● Task
Exactly the lines from the beginning of the records below through the line with "Lost Farm |" must be given again, without pictures.
Raw data START
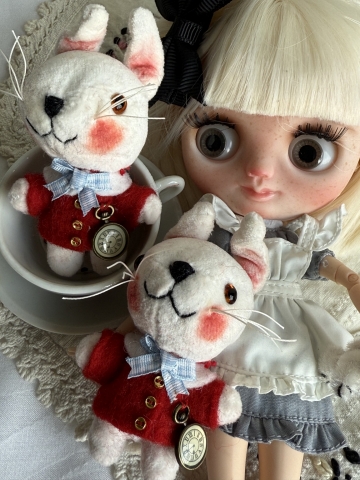 Picture of Wee White Rabbit & Tea Cup Set -  by Jody Battaglia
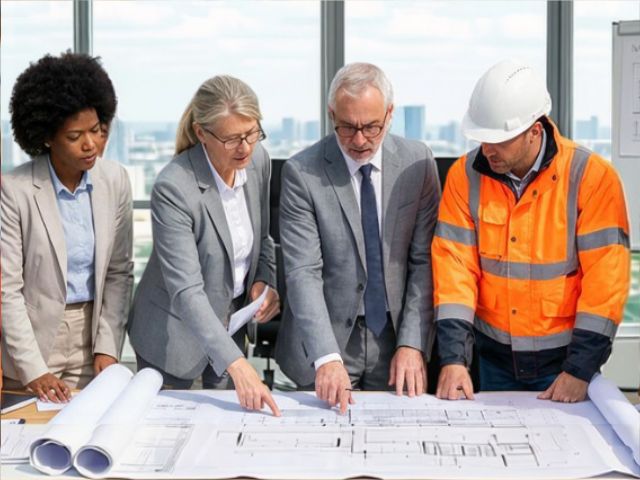 Gruppo di persone che guardano un progetto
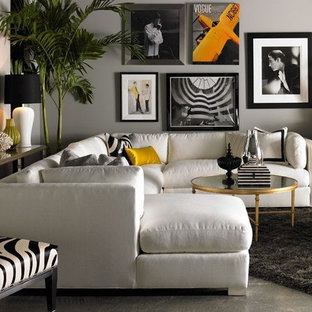 Inspiration for a mid-sized contemporary formal and open concept concrete floor and gray floor living room remodel in New Orleans with gray walls, no fireplace and no tv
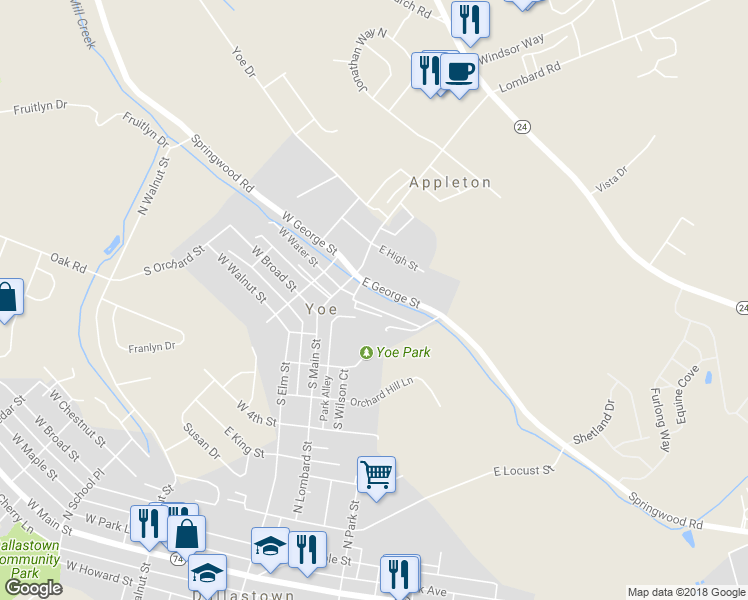 map of restaurants, bars, coffee shops, grocery stores, and more near 55 East Pennsylvania Avenue in Yoe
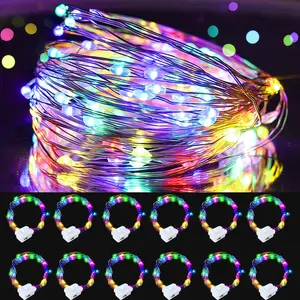 12 Pack Fairy Lights  Operated, 7ft 20 Led Mini String Lights Copper Wire Twinkle Lights for DIY, Bedroom, Christmas Decoration Parties(Colorful, 12 count)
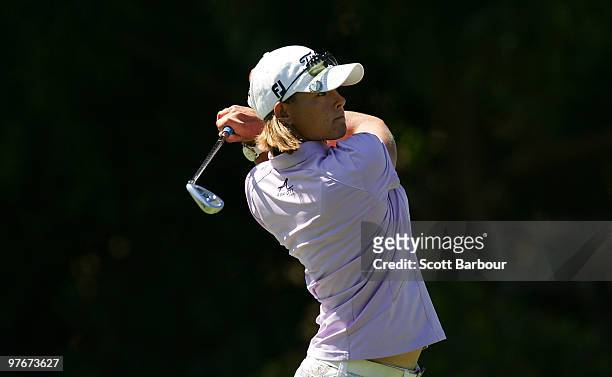 Katherine Hull of Australia plays an approach shot on the 5th hole during day three of the Women's Australian Open at The Commonwealth Golf Club on...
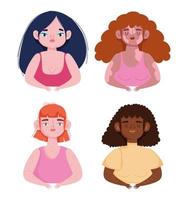 perfeitamente imperfeito, tema feminino do grupo de desenho animado sobre doença crônica de pele vetor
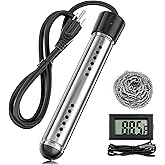 Portable Water Heater Electric, 2000W Immersion Water Heater with LCD Thermometer, Stainless Steel Immersion Heating Rod, Submersible Bucket Heater for Home Camping Bathtub Small Pool Outdoor Use ﻿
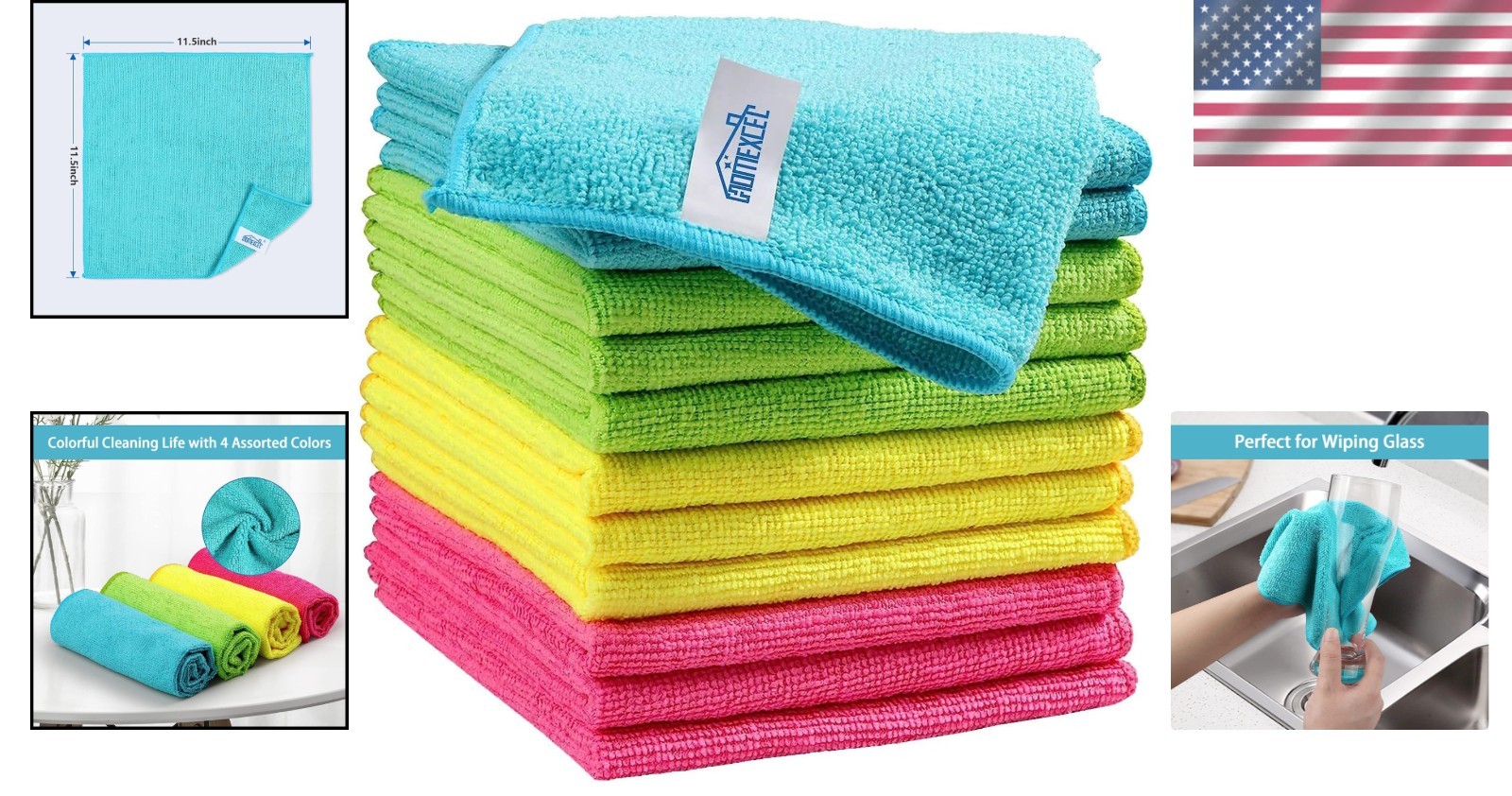 Eco-Friendly Microfiber Cleaning Cloths – Pack of 12 in Assorted Colors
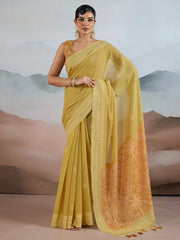 Women's Pure Cotton Light Green Woven Design DesignerSaree With Blouse Piece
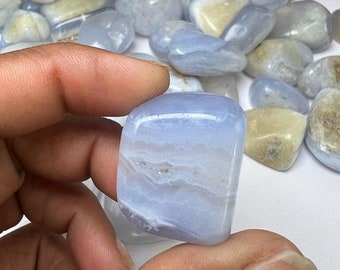 Blue Lace Agate Tumbled Stones AAA Quality Healing Crystals in pack sizes of 1,2,3,4,5,6 and 10 Pieces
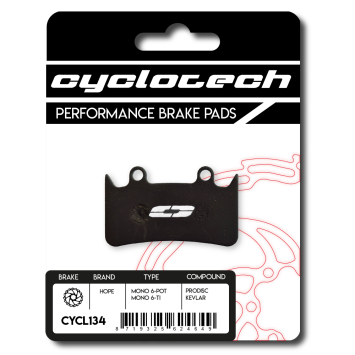 Hope Mono 6-pot - Mono 6Ti Remblokken organisch, Cyclotech Prodisc Kevlar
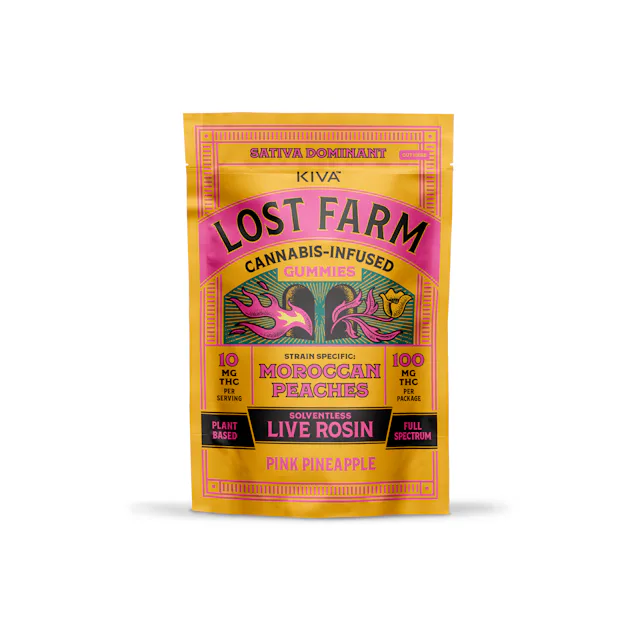 Lost Farm | Gummy | 10pk | 100mg | Live Rosin Pink Pineapple x Moroccan Peaches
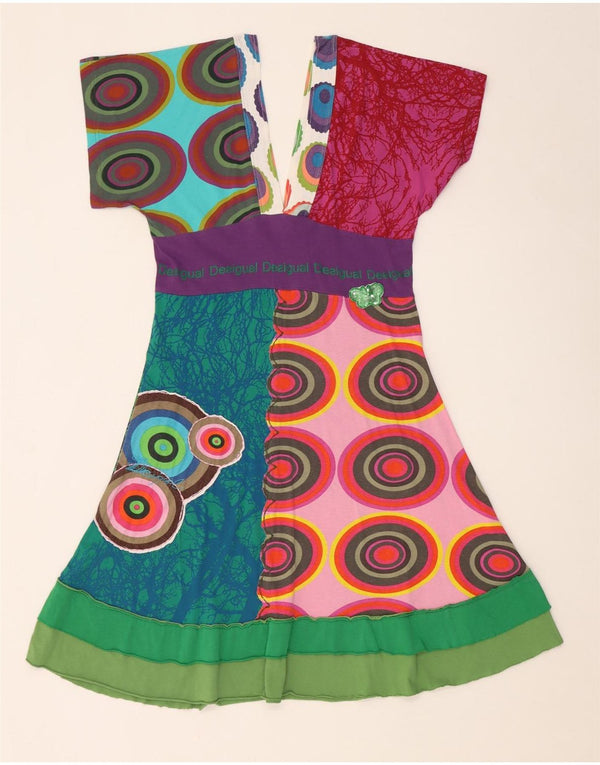 Desigual Abito da donna a linea A UK 18 XL Cotone geometrico multicolore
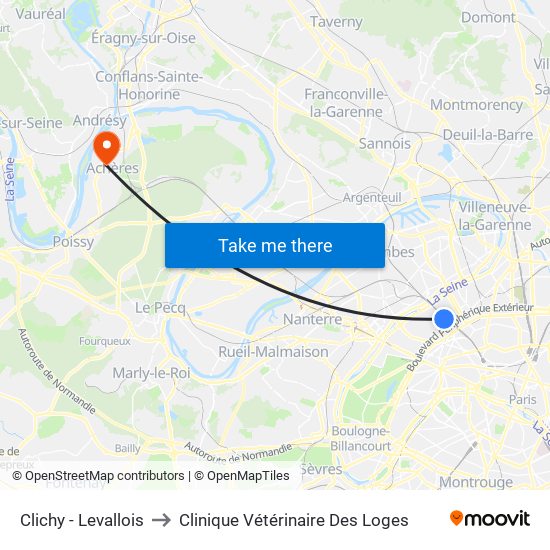Clichy - Levallois to Clinique Vétérinaire Des Loges map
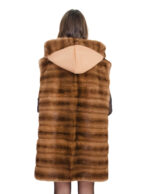 Gilet visone e cashmere demi e marrone chiaro 64 cappuccio chiusura ganci manica lunga molto caldo - immagine 5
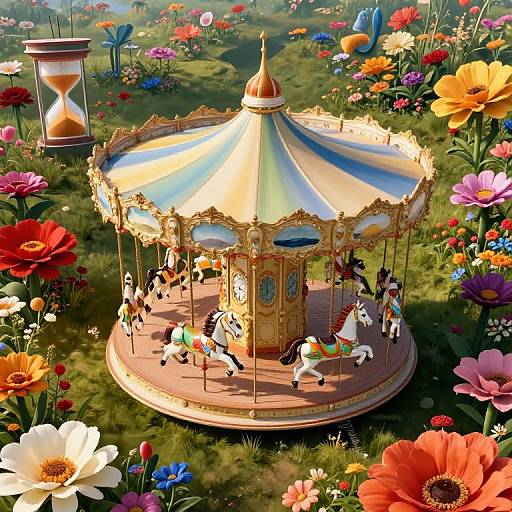 Surreal Floating Carousel Over Flowers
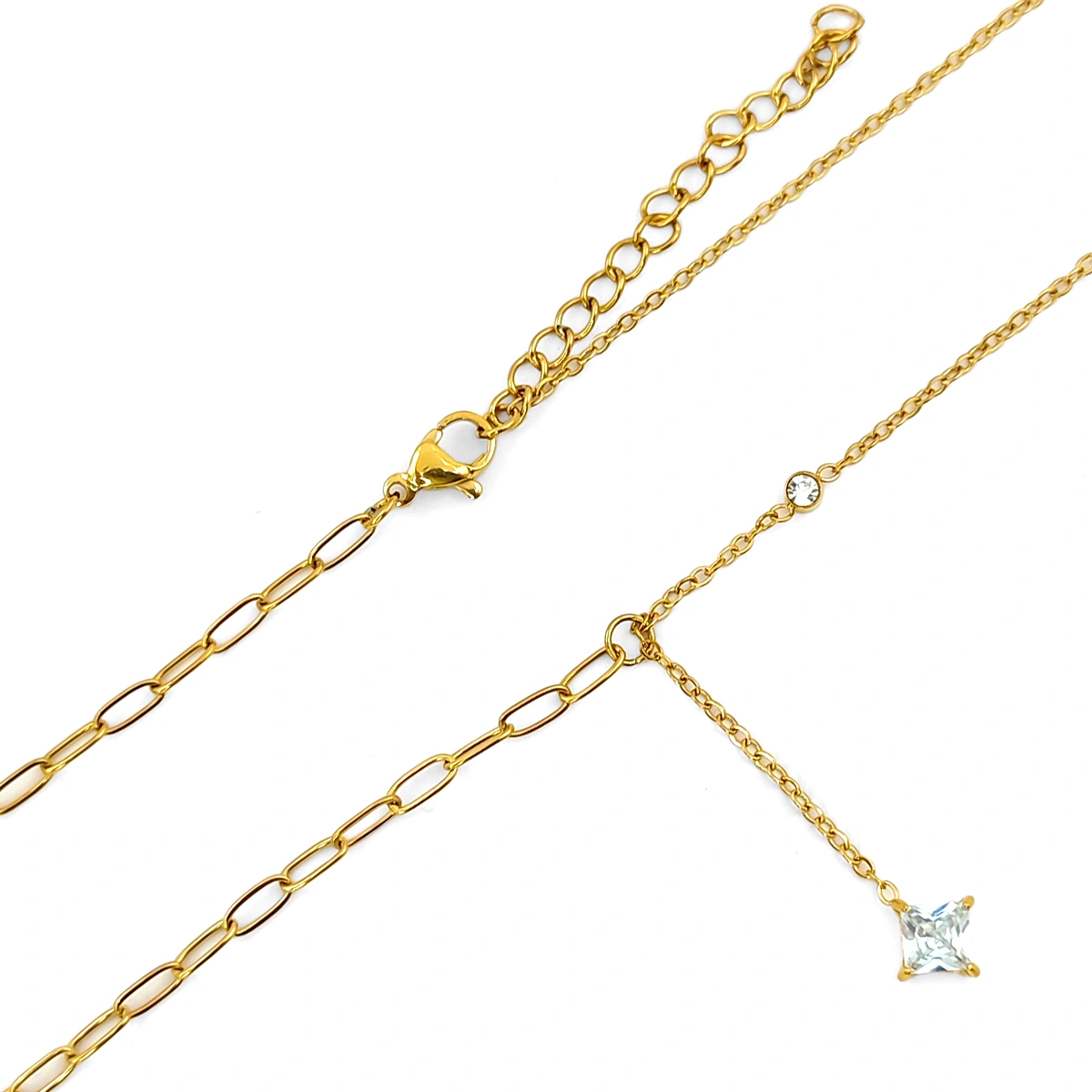 Collar Acero Dorado Eslabon Oval Cristal Rombo Corbatin 2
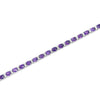 18K White Gold Amethyst and Diamond Ladies Tennis Bracelet, 11.22g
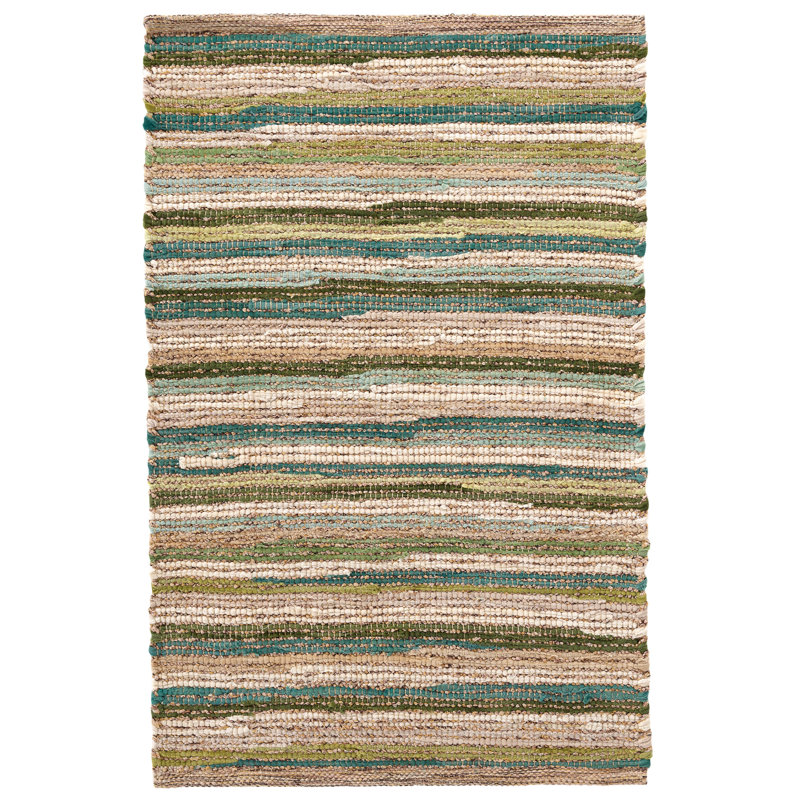 Francisco Green Handwoven Cotton Rug, Runner 2'6" x 8'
Raw data END
● Solution
 Picture of Wee White Rabbit & Tea Cup Set -  by Jody Battaglia
 Gruppo di persone che guardano un progetto
 Inspiration for a mid-sized contemporary formal and open concept concrete floor and gray floor living room remodel in New Orleans with gray walls, no fireplace and no tv
 map of restaurants, bars, coffee shops, grocery stores, and more near 55 East Pennsylvania Avenue in Yoe
 12 Pack Fairy Lights  Operated, 7ft 20 Led Mini String Lights Copper Wire Twinkle Lights for DIY, Bedroom, Christmas Decoration Parties(Colorful, 12 count)
 Katherine Hull of Australia plays an approach shot on the 5th hole during day three of the Women's Australian Open at The Commonwealth Golf Club on...
 perfeitamente imperfeito, tema feminino do grupo de desenho animado sobre doença crônica de pele vetor
 Portable Water Heater Electric, 2000W Immersion Water Heater with LCD Thermometer, Stainless Steel Immersion Heating Rod, Submersible Bucket Heater for Home Camping Bathtub Small Pool Outdoor Use ﻿
 Eco-Friendly Microfiber Cleaning Cloths – Pack of 12 in Assorted Colors
 Women's Pure Cotton Light Green Woven Design DesignerSaree With Blouse Piece
 Blue Lace Agate Tumbled Stones AAA Quality Healing Crystals in pack sizes of 1,2,3,4,5,6 and 10 Pieces
 Hope Mono 6-pot - Mono 6Ti Remblokken organisch, Cyclotech Prodisc Kevlar
 Lost Farm | Gummy | 10pk | 100mg | Live Rosin Pink Pineapple x Moroccan Peaches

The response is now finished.